State Sen. Alesi, who announced his retirement this week in the face of near-certain defeat in a hypothetical Republican primary, now has the respect of my mom, her wife and countless others, gay and straight.
He also has a one-way ticket back to East Rochester.
Alesi described his decision to retire as borne out of party loyalty. He wanted, he said, to keep the seat Republican. That’s sort of baffling, given that the party pretty clearly wanted him gone, and also pretty self-serving.
“It’s not really about Jim Alesi,” Alesi said, demonstrating the equal-parts blend of false humility, massive ego and factual inaccuracy that can only be honed over two decades in Albany.
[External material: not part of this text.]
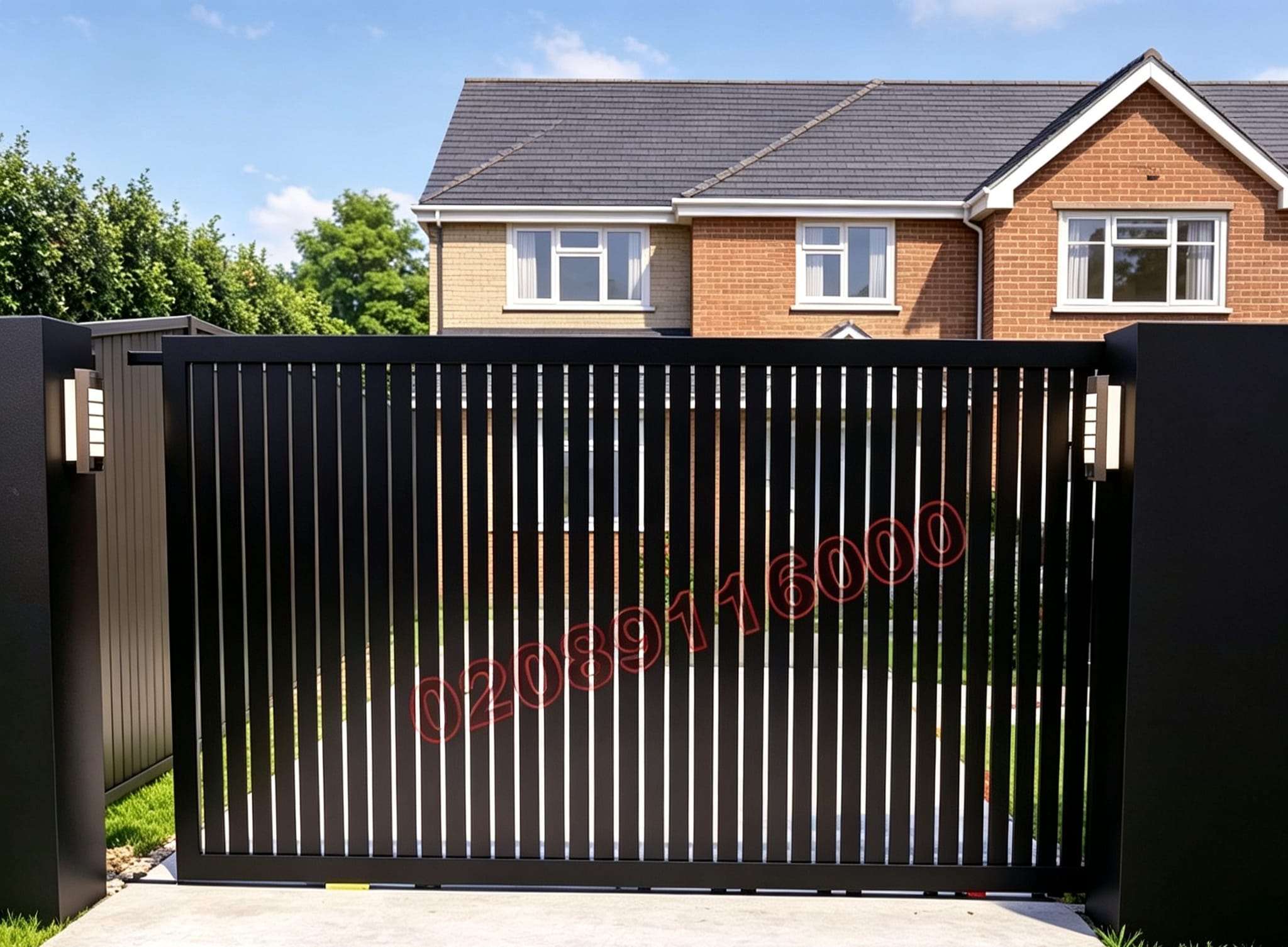 Contemporary Vertical Slat Flat Top Metal Driveway Gates UKMDG140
In truth, this really is about Jim Alesi — about how he tried to balance support for gay marriage with his party affiliation and lost his seat in the process. 2
But it’s more complicated than that. Because if Alesi had better real-life balance, maybe we wouldn’t be having this discussion at all. Yes, the great complication in all of this — the thing that makes it so hard to unpack — is Alesi’s undignified fall from a ladder in 2008.
That fall, which happened while Alesi was trespassing inside an unfinished home in Perinton, and the truly deranged lawsuit against the home’s owner and builder that followed dimmed Alesi’s re-election prospects horribly.
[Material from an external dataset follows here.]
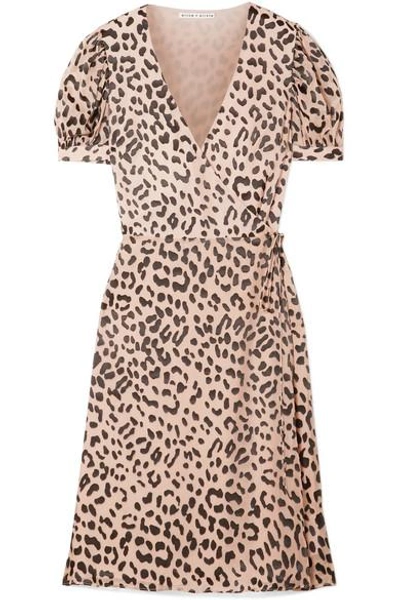 Shop Alice And Olivia Rosette Fil Coupé Chiffon Wrap Dress In Sand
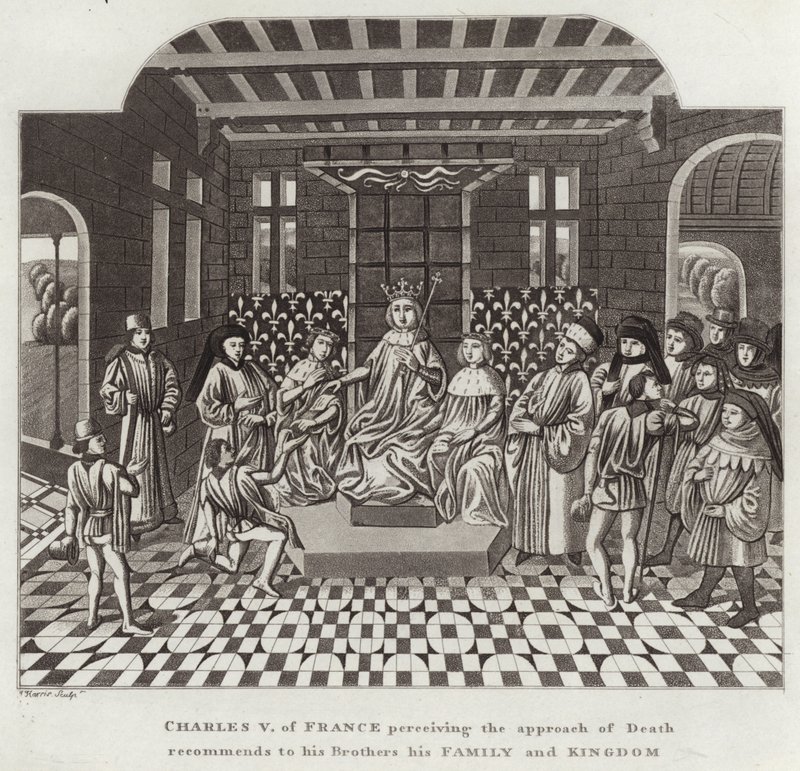 Charles V of France Perceiving the Approach of Death Recommends to His Brothers His Family and Kingdom by English School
That 2011 lawsuit, which Alesi filed the day the statute of limitations for trespassing expired, branded Alesi a slimeball in the eyes of many. He withdrew the suit and apologized, but it was too late. Even without the gay marriage vote the next year, Alesi might have been finished.
Would Alesi still have voted for gay marriage had he not taken that tumble, smashing himself up physically almost as badly as the lawsuit did politically? Watch the video of him voting against a gay marriage bill in 2009 and he certainly looks conflicted. But I still don’t know, and I don’t think Alesi knows.
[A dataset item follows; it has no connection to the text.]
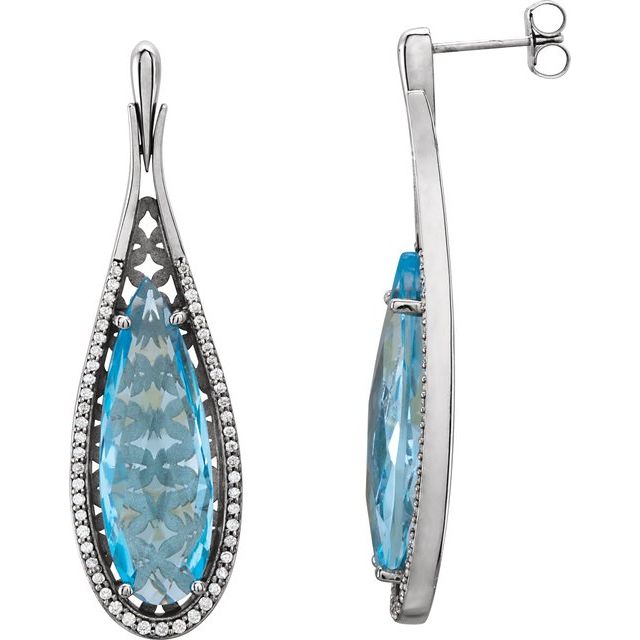 Pear Natural Sky Blue Topaz & 1/3 CTW Natural Diamond Earrings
I also don’t think it matters.
My mother and her partner pledged themselves to each other at a commitment ceremony in 2000, when that was their only option. In 2002, they drove to Vermont to enter a civil union. Last year, they were married in Connecticut, where they live.
“I think I like Jim Alesi,” my mother wrote to me this week from Connecticut. “Is that wrong?”
I say no. I say whatever combination of personal conviction and political expediency led Alesi to stand up in support of gay marriage, the vote — and the law — are what matter. And anyway, that’s the thing about martyrdom: all the self-serving posturing, all the broken bones and bad decisions, fade away over time. All that’s left is the hill on which you died.
Was Jim Alesi already a dead man walking when he cast that vote? Probably. But it doesn’t matter.
Because if a broken leg and a couple years of public ridicule were the only price I had to pay to see my mother marry the woman she loves, I’d jump off the tallest ladder I could find.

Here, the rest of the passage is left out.